Rise Heart, Thy Lord is Risen!

Rise Heart, Thy Lord is Risen!
Photo by David Monje / Unsplash

Christ is risen! Alleluia!

You’ve made it! Whether you have been in the Church since the day you were born, whether tonight is your first encounter with Christian faith, or some point in between, you’ve made it to the most important night of the year! After all of the planning and preparing, the cleaning and cooking, the rehearsing and correcting, the praying and fasting, the day has come!

Yesterday the church was empty, bare but for the wood of the cross. It was a place easy to feel lonely, empty, isolated, and despairing. Waiting in the cool of early spring to see and hear what would happen next. Even when we know the next chapter of the story, those quiet hours between the end of the liturgy of Good Friday and tonight’s celebration can be unsettling. Tradition holds this is the time when Jesus descended to the dead to free them from their waiting and bring them up from the depths to eternal life. We, among the living, wait for news.

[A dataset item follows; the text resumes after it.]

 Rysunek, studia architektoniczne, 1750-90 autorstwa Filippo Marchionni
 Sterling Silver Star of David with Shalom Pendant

And when it arrives, the news is better than we could have hoped for! Rise heart, thy Lord is risen!

I will not belabour this celebration with too much talking on my part. Christ is risen, death is defeated, we are inheritors of eternal life, and never again will death or sin have dominion over us. We should celebrate! I will leave the rest of tonight’s homily to our brother, St John Chrysostom. For 1,600 years, these words have been part of the Church’s celebrations on this night:

Let all pious [people] and all lovers of God rejoice in the splendor of this feast; let the wise servants blissfully enter into the joy of their Lord; let those who have borne the burden of Lent now receive their pay, and those who have toiled since the first hour, let them now receive their due reward; let any who came after the third hour be grateful to join in the feast, and those who may have come after the sixth, let them not be afraid of being too late; for the Lord is gracious and He receives the last even as the first. He gives rest to him who comes on the eleventh hour as well as to him who has toiled since the first: yes, He has pity on the last and He serves the first; He rewards the one and praises the effort.

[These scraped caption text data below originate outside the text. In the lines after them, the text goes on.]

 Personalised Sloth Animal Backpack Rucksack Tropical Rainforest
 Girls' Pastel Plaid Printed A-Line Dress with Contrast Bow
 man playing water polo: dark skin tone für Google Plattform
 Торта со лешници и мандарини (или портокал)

Come you all: enter into the joy of your Lord. You the first and you the last, receive alike your reward; you rich and you poor, dance together; you [strong] and you weaklings, celebrate the day; you who have kept the fast and you who have not, rejoice today. The table is richly loaded: enjoy its royal banquet. The calf is a fatted one: let no one go away hungry. All of you enjoy the banquet of faith; all of you receive the riches of his goodness. Let no one grieve over their poverty, for the universal kingdom has been revealed; let no one weep over their sins, for pardon has shone from the grave; let no one fear death, for the death of our Saviour has set us free: He has destroyed it by enduring it, He has despoiled Hades by going down into its kingdom, He has angered it by allowing it to taste of his flesh.

When Isaias foresaw all this, he cried out: "O Hades, you have been angered by encountering Him in the nether world." Hades is angered because it has been frustrated, it is angered because it has been mocked, it is angered because it has been destroyed, it is angered because it has been reduced to naught, it is angered because it is now captive. It seized a body, and, lo! it encountered heaven; it seized the visible, and was overcome by the invisible.

O death, where is your sting? O Hades, where is your victory? Christ is risen and you are abolished. Christ is risen and the demons are cast down. Christ is risen and the angels rejoice. Christ is risen and life is freed. Christ is risen and the tomb is emptied of the dead: for Christ, being risen from the dead, has become the Leader and Reviver of those who had fallen asleep. To Him be glory and power for ever and ever. Amen.